The grand jury report, released by Attorney General Josh Shapiro’s office last week, alluded to investigative records and evidence being forwarded to the York County DA’s office in 1995, which was then investigated by the York City Police Department.

According to the grand jury report, the Diocese of Harrisburg turned over “photographic negatives and videotape cassettes” to the DA’s office in 1995. The grand jury report details widespread sexual abuse in six Catholic dioceses in Pennsylvania.

Allegations specifically about Rev. Herbert Shank, one of more than 300 priests named in the grand jury report, were passed along in 1995 to York County law enforcement. The report said the Diocese of Harrisburg notified the York County DA about Shank, whose assignments included St.

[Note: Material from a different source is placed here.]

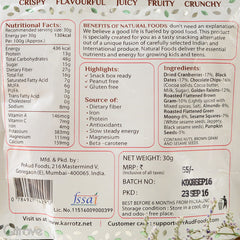 Nutritious Karrotz Kids And Teens Super Snack at Qtrove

Rose of Lima in York, and turned over video and photographic evidence.

In 2017, agents from the attorney general’s office spoke with a York City police officer who wasn’t working on the case in 1995 but was familiar with it, according to the report. The officer said Shank taped TV shows on VHS, then spliced video of himself assaulting young boys into the VHS tapes.

But, in a news release issued by the district attorney’s office shortly after 6 p.m. Wednesday, District Attorney Dave Sunday said “Both my office and the York City Police Department conducted thorough and diligent searches of its records and files to see if any such materials exist.”

Sunday, who was elected in 2017 and took office in January, was not with the office in 1995.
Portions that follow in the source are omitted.